Defendant O knows about her boyfriend's ongoing drug-trafficking activity, but agrees to participate on only one occasion by making a delivery for him at his request when he was ill. Defendant O is accountable under subsection (a) (1) (A) for the drug quantity involved on that one occasion. Defendant O is not accountable for the other drug sales made by her boyfriend because those sales were not in furtherance of her jointly undertaken criminal activity (i.e., the one delivery).

U.S.S.G. § 1B1.3, comment. n. 2(c) (5).

If the evidence was clear that Kasprowski had "agree [d] to participate on only one occasion," her relevant conduct would be limited to the July 26 sale. However, the record reflects that Kasprowski's involvement in Prayear's drug distribution extended beyond that one sale. Tape recordings of the July 26 and August 1 sales demonstrate that Kasprowski was actively involved in Prayear's drug trafficking. During the July 26 sale Kasprowski discussed with the informant how she was "taking the risk" by distributing crack cocaine in Prayear's absence.
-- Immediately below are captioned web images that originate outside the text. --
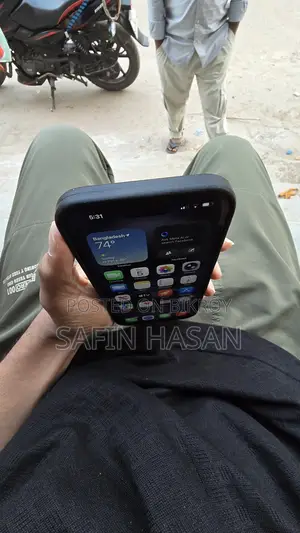 Apple iPhone 16 Plus (Used)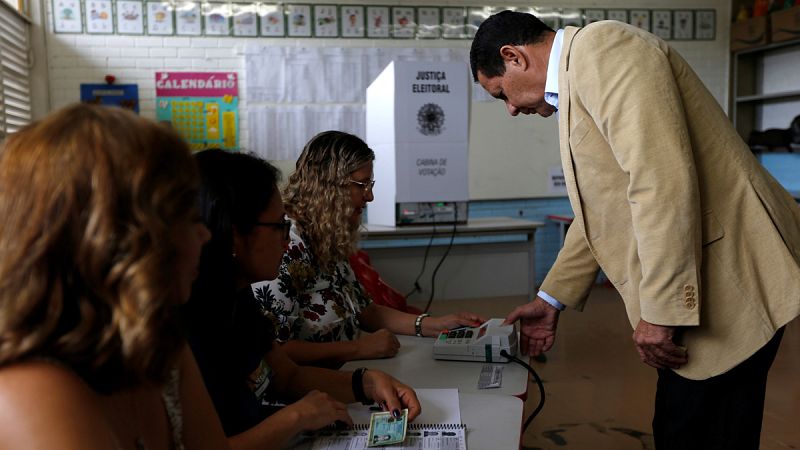 Brasil vota con el ultraderechista Bolsonaro como favorito
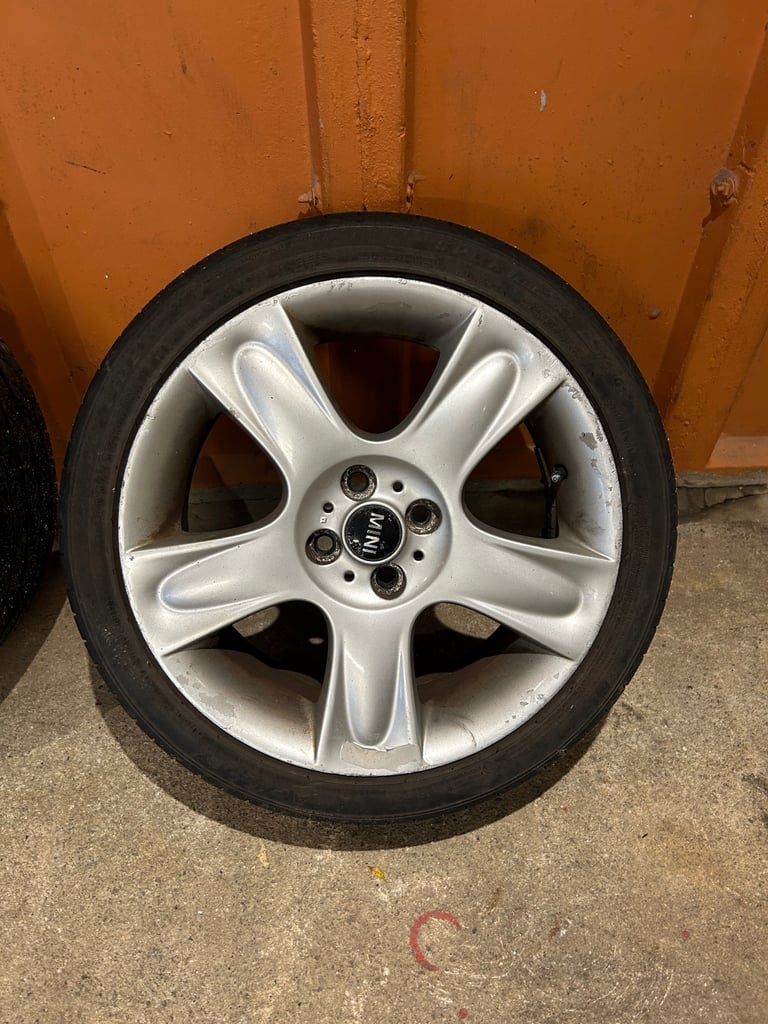 Mini Cooper Alloys (Bullet style)
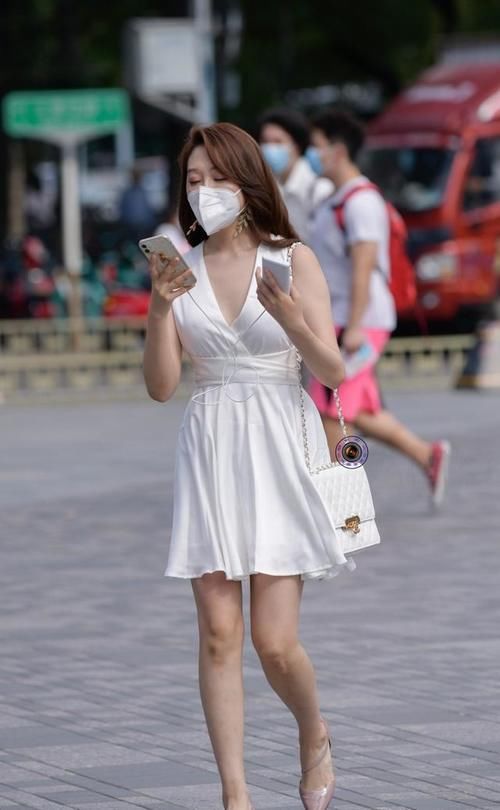 连衣裙 穿着连衣裙俏皮又活泼，似乎具有一种特殊的魅力，效果满满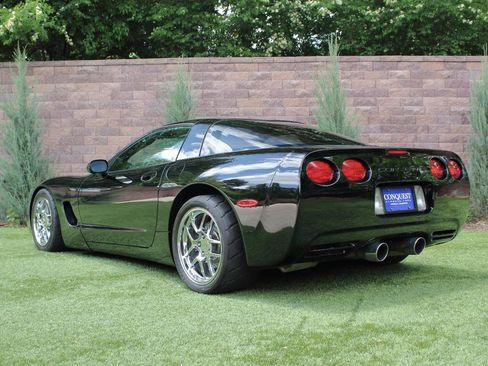 Used 1999 Chevrolet Corvette Coupe w/ Roof Pkg RWD image 27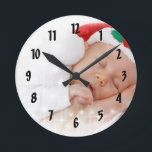 Uw foto hier wandklok<br><div class="desc">Creëer is een soort onvergeeflijk cadeau voor vrienden en familie. Pas een muurklok aan met een foto van jou of je familie, of misschien een schattige foto van je nieuwe baby of huisdier! Vervang gewoon de foto van de sjabloon door je eigen foto.</div>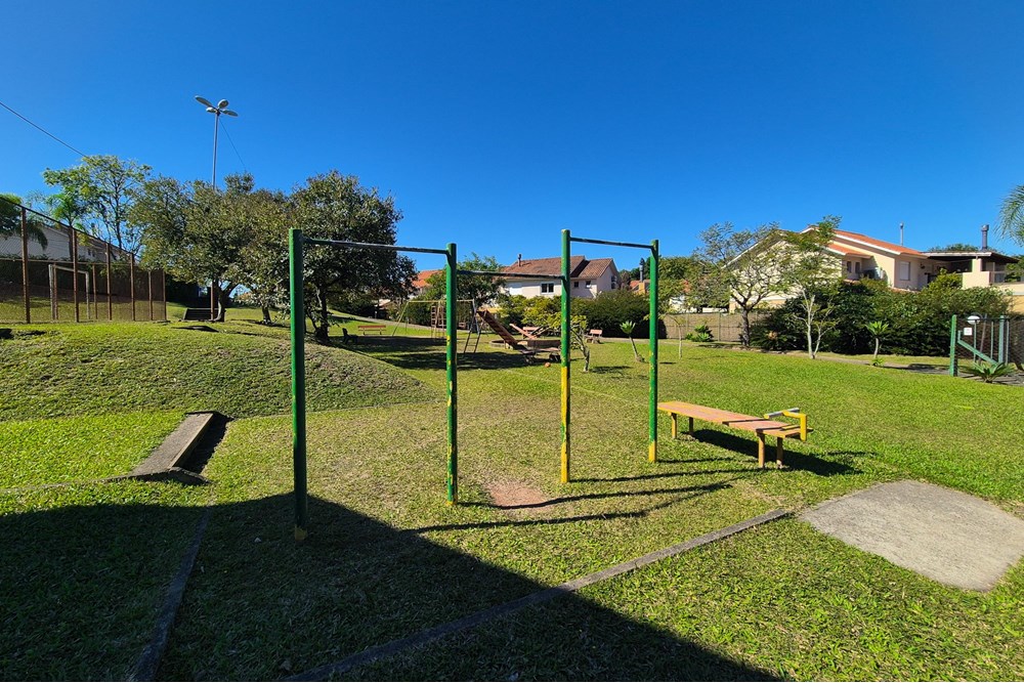 Casa de Condomínio à venda com 3 quartos, 231m² - Foto 13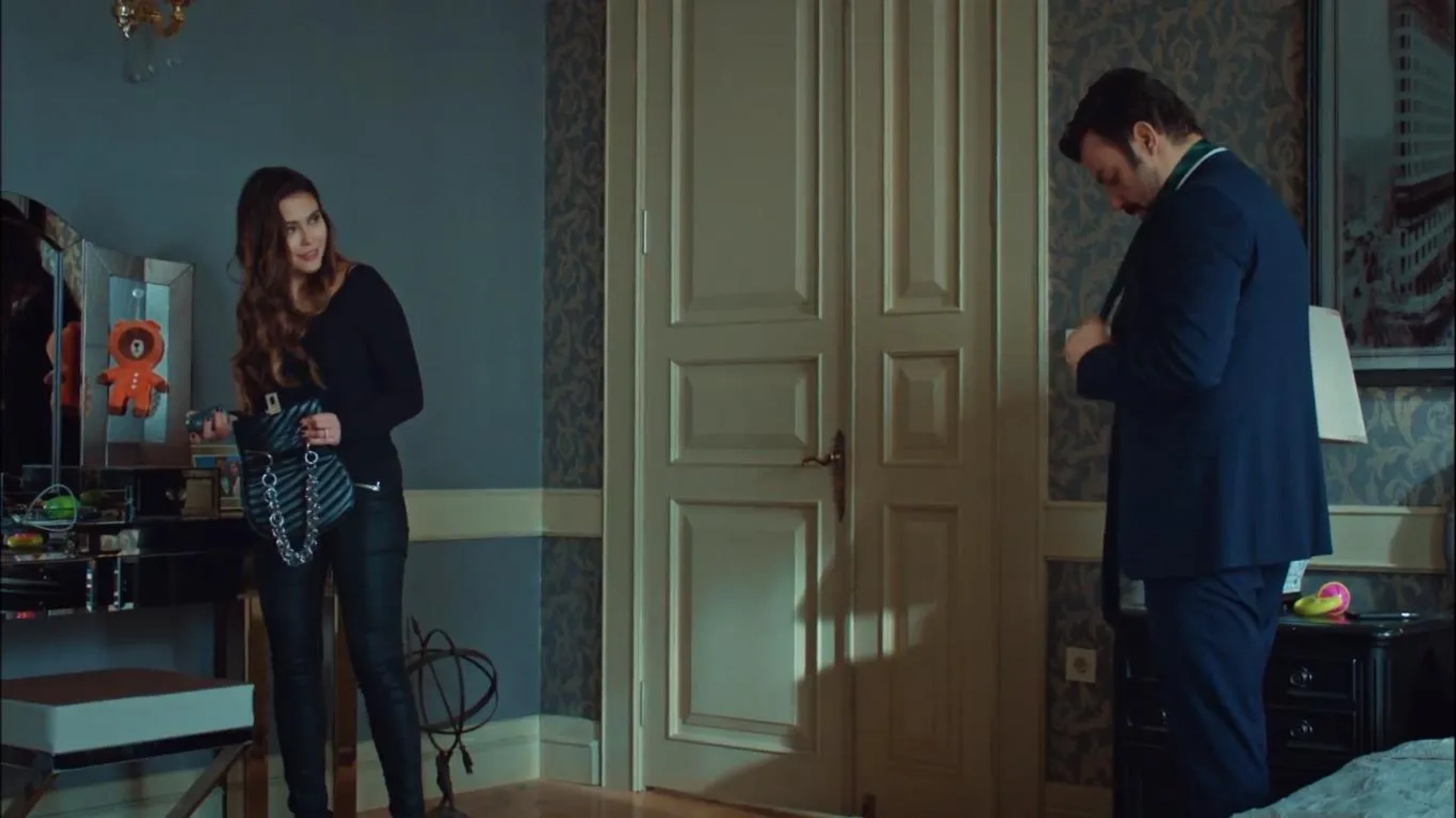 Salih Bademci and Dilara Aksüyek in Istanbullu Gelin (2017)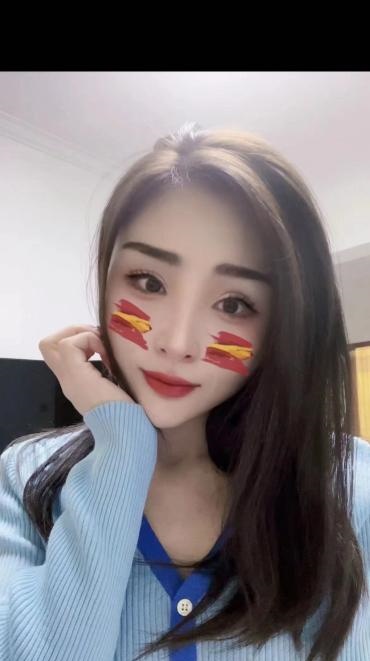 二七区刺绣路小姐姐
Kasprowski also claimed that she could make more money selling crack than Prayear, since Prayear would smoke more of the product than Kasprowski would. Kasprowski's boast that "I count the money, I keep it counted" shows direct involvement in the overall distribution scheme, and her acknowledgement that Prayear asked her to "stay [in the apartment] and take care of business" shows that Prayear relied upon her assistance. Kasprowski's comments during the August 1 transaction also reveal her complicity in Prayear's distribution scheme. Kasprowski indicated during that transaction that Prayear possessed a beeper and that she intended to give out code numbers for use with that beeper. The district court noted, "I think that to hold that the discussions about beepers in this case were not directed towards drug trafficking or drug dealing would be just, quite simply, blinking at reality. "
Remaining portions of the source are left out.